研究设计、规模、持续时间:前瞻性随机试验。从2011年12月至2014年4月招募患者,纳入的解冻周期直至2014年7月。如果有囊胚可用于玻璃化冷冻,则在新鲜周期将患者随机分组,并根据计算机生成的列表分配至研究组或对照组。在研究组中,囊胚在玻璃化冷冻前进行激光诱导塌陷。在对照组中,囊胚不进行塌陷直接玻璃化冷冻。
参与者/材料、设置、方法:共有443名患者签署了知情同意书,270名患者进行了囊胚玻璃化冷冻。135名患者被分配至研究组,135名患者被分配至对照组。研究组的69名患者和对照组的69名患者返回进行至少一个解冻周期,其中在第一个周期分别解冻了85个和93个囊胚。主要结局是第一个解冻周期中每个移植胚胎的着床率。次要结局包括存活率、移植率、解冻后囊胚质量、临床妊娠率以及每个解冻囊胚的着床率。使用封闭玻璃化冷冻法逐个对囊胚进行玻璃化-解冻,每个解冻周期移植一或两个囊胚。

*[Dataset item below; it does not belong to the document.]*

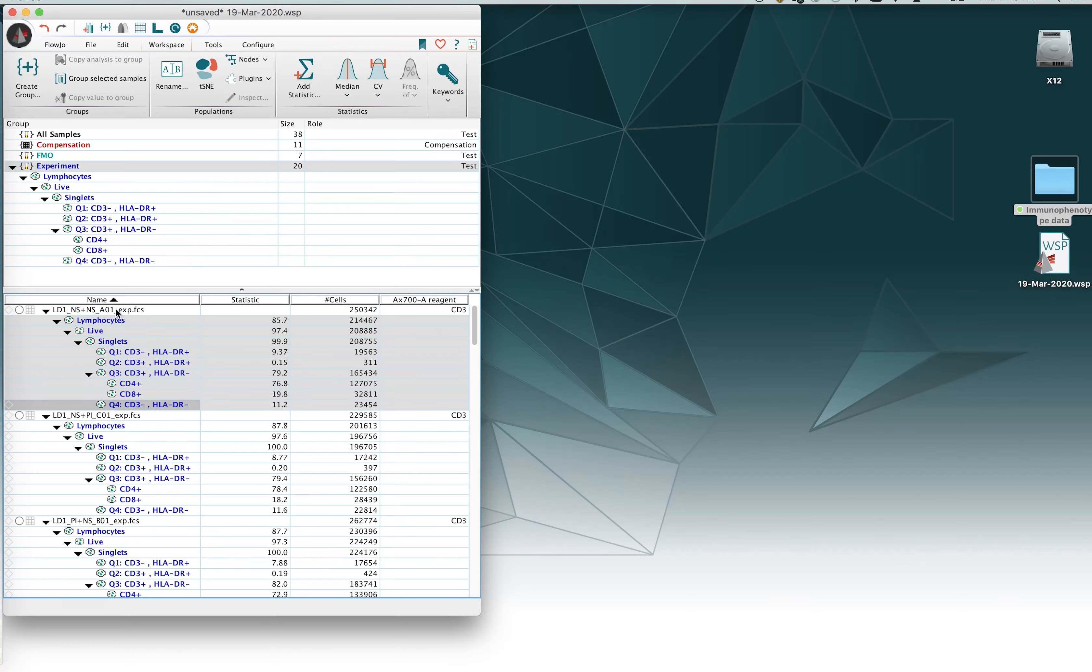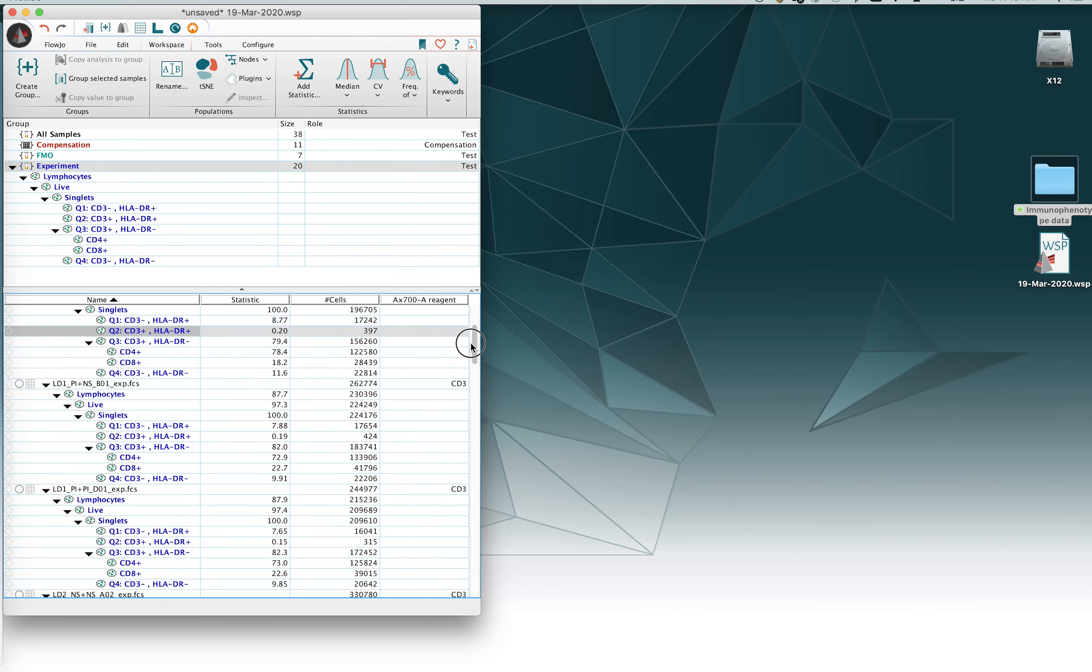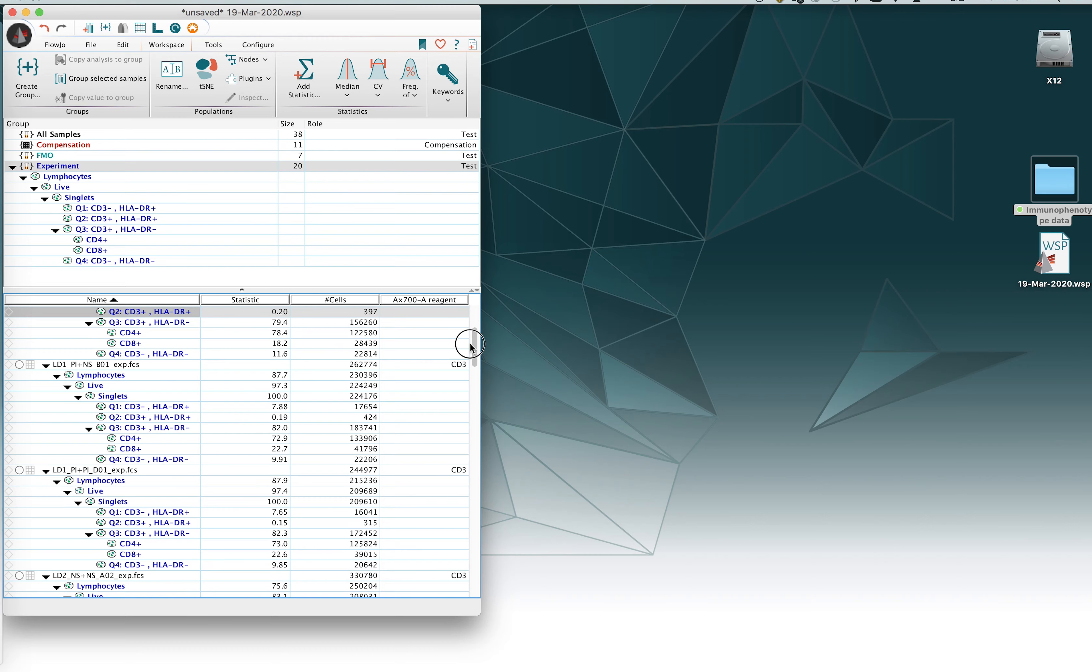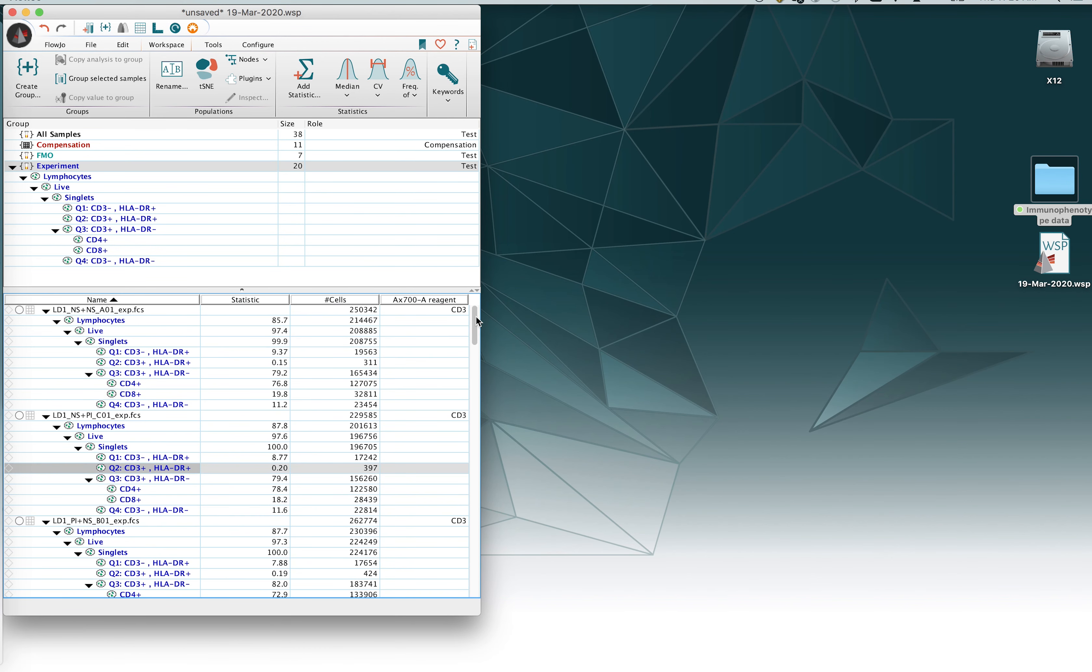And then from here you will notice that all of the gates now underneath each of the files are having that blue color.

我们计算得出,塌陷组和对照组各需80个胚胎的样本量,才能有80%的把握检测出两组比例相差 +20%且P < 0.05的差异。在研究组中,69个首次解冻周期导致69次移植,共移植1.2个囊胚(n = 85)。在对照组中,69个解冻周期中的67个平均移植了1.3个囊胚(n = 83)。两组在第一个解冻周期中每个移植胚胎的着床率无差异(38%对29%,OR:1.48;95% CI:0.78 - 2.83),每个解冻胚胎的着床率也无差异(38%对26%,OR:1.74;95% CI:0.92 - 3.29)。当考虑所有解冻周期时(每组n = 135),塌陷后的存活率显著高于对照组(98.0%对92.0%,OR:4.25;95% CI:1.19 - 15.21)。此外,与对照组相比,高质量囊胚(36.3%对23.5%,OR:1.86;95% CI:1.12 - 3.08)和孵化囊胚(19.2%对5.4%,OR:4.18;95% CI:1.84 - 9.52)的比例更高。
局限性、注意事项:由于新鲜体外受精/卵胞浆内单精子注射周期中持续妊娠率较高,返回进行解冻周期的患者比预期少,该研究持续了超过2.5年。
尽管塌陷后未发现显著更高的着床率,但更好的存活率和解冻后胚胎质量使我们认识到人工收缩的临床益处,并将其应用于常规玻璃化冷冻实践中。
NCT01980225,www.clinicaltrials.gov。首例患者于2011年11月纳入,该研究于2013年10月注册。